Friday, February 26, 2016

Sixty-eight

I tell myself that I haven’t killed myself yet because I still want to understand. But what do I want to understand?

I want to understand the world. I also want to understand myself, because I am part of the world.

The world, which seems
To lie before us like a land of dreams,
So various, so beautiful, so new,
Hath really neither joy, nor love, nor light,
Nor certitude, nor peace, nor help for pain;
And we are here as on a darkling plain
Swept with confused alarms of struggle and flight,
Where ignorant armies clash by night.

Is this true?

Of course it’s true. I’m not a fool. Neither am I arrogant enough to assume that anyone who disagrees with me is a fool.

Neither am I foolish enough to assume the world is a better place than it seems to me, merely because other people seem to tolerate what to me seems intolerable,

It's not that they and I see the world differently. They see the same world I do. They tolerate it either because they don't care if others suffer so long as they don't, or because they see what I can’t.

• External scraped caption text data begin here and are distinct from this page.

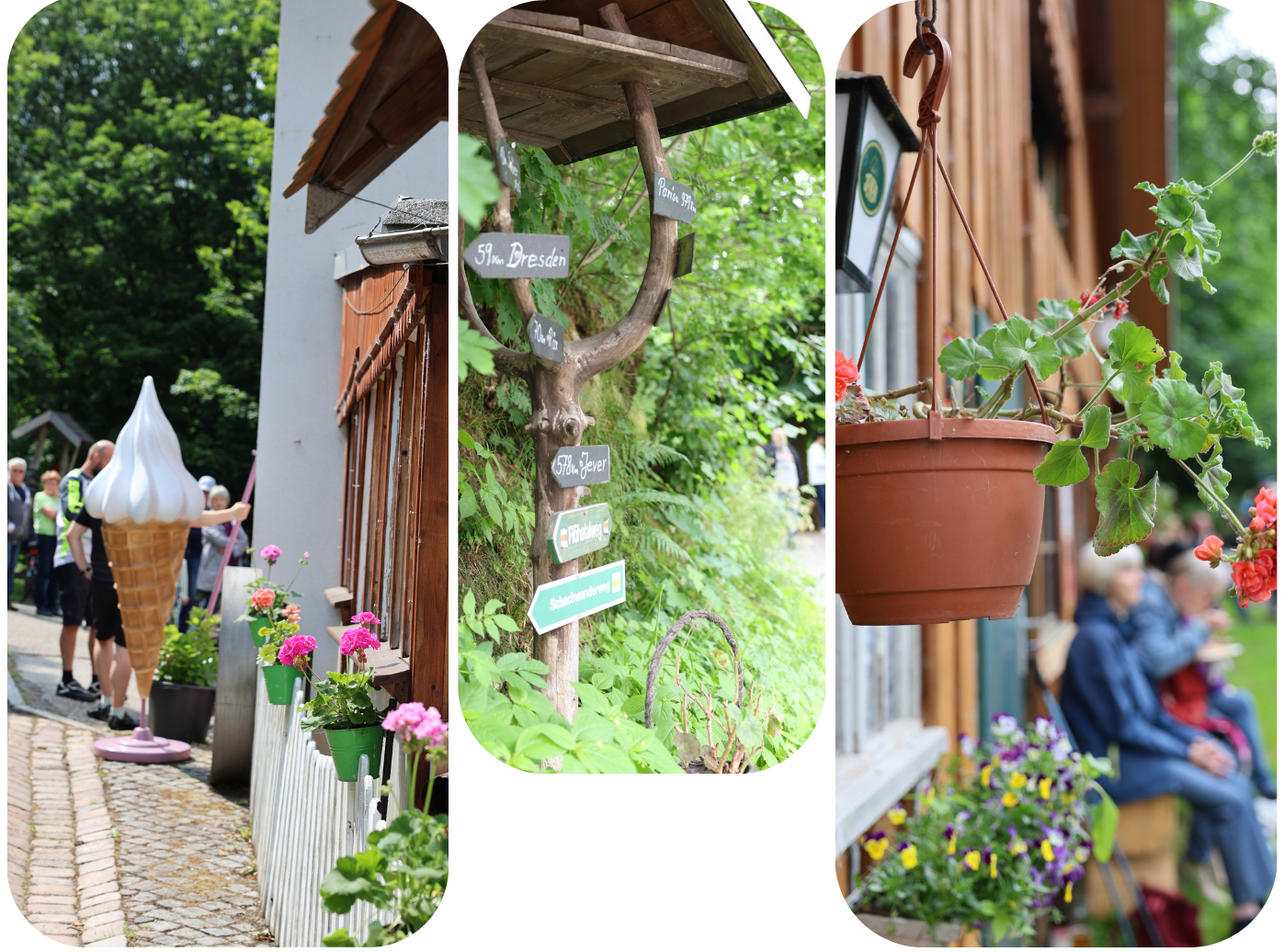 design ohne titel (56)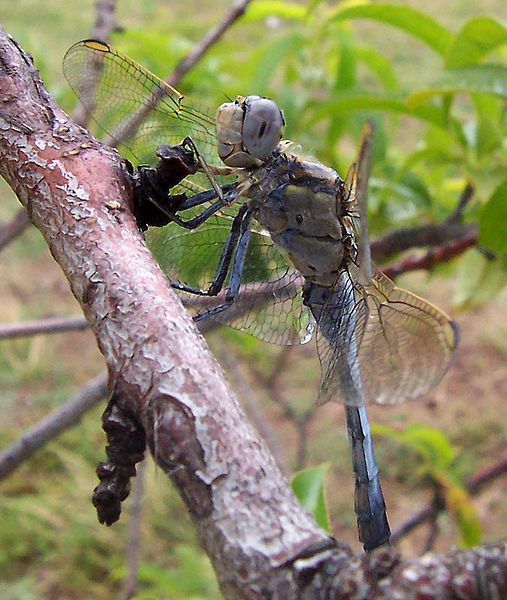 File:Aust blue dragonfly05.jpg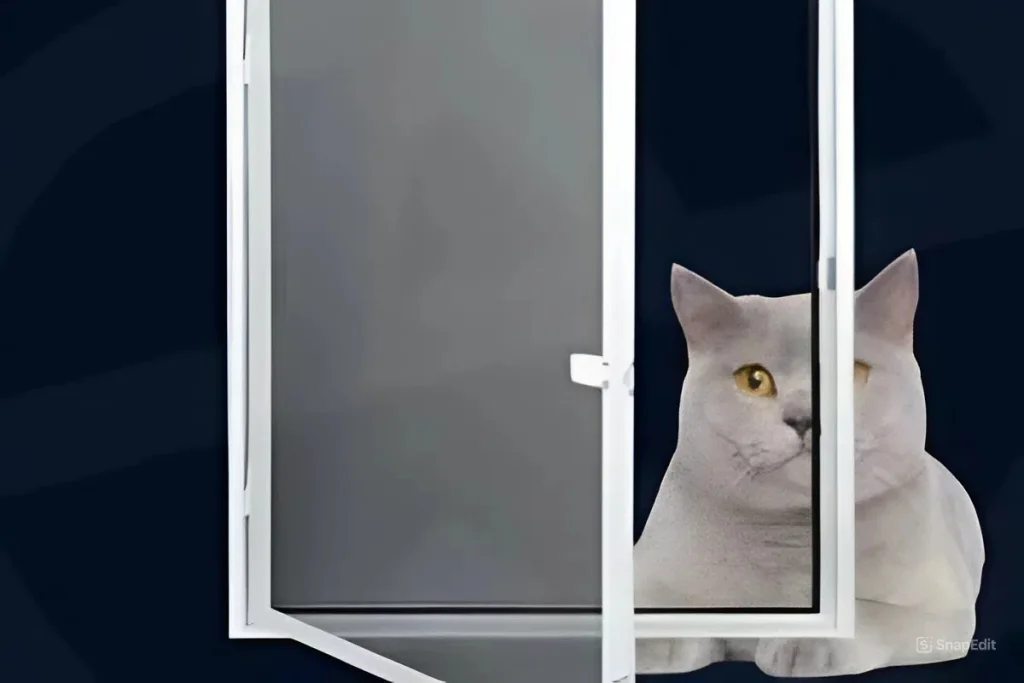 Bostancı Kedi Sineklik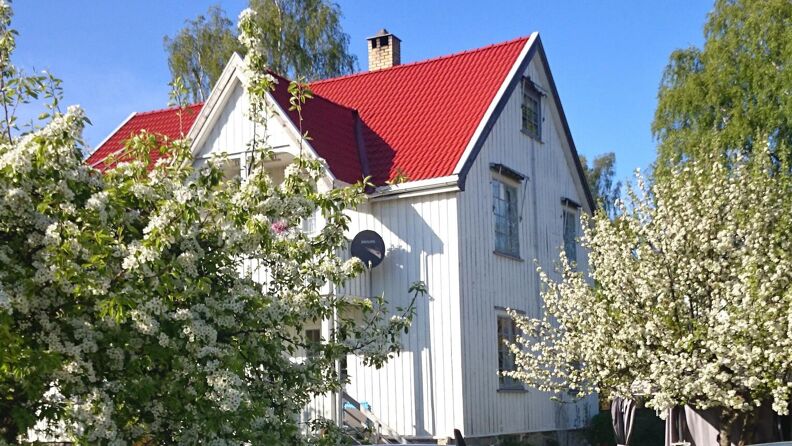 Stort, hvitt trehus omgitt av trær som blomstrer 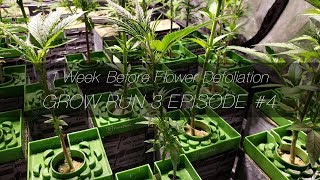 1 Week Before Flower Defoliation - GR3 E4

They see something that reconciles them to the world’s pain, something they think gives meaning to what seems to me a meaningless battle of ignorant armies; and it gives them hope.  

I see no reason to hope. But is this because who and what I am blinds me to the truth?

When I was young, I thought I was going to change the world for the better. Others thought so, too. Were they and I wrong about me, or wrong about the world?

Am I arrogant enough to think that, if I couldn’t change the world, no one can?

I'm sure there are those who could do what I couldn’t, but I don’t see anyone who wants to.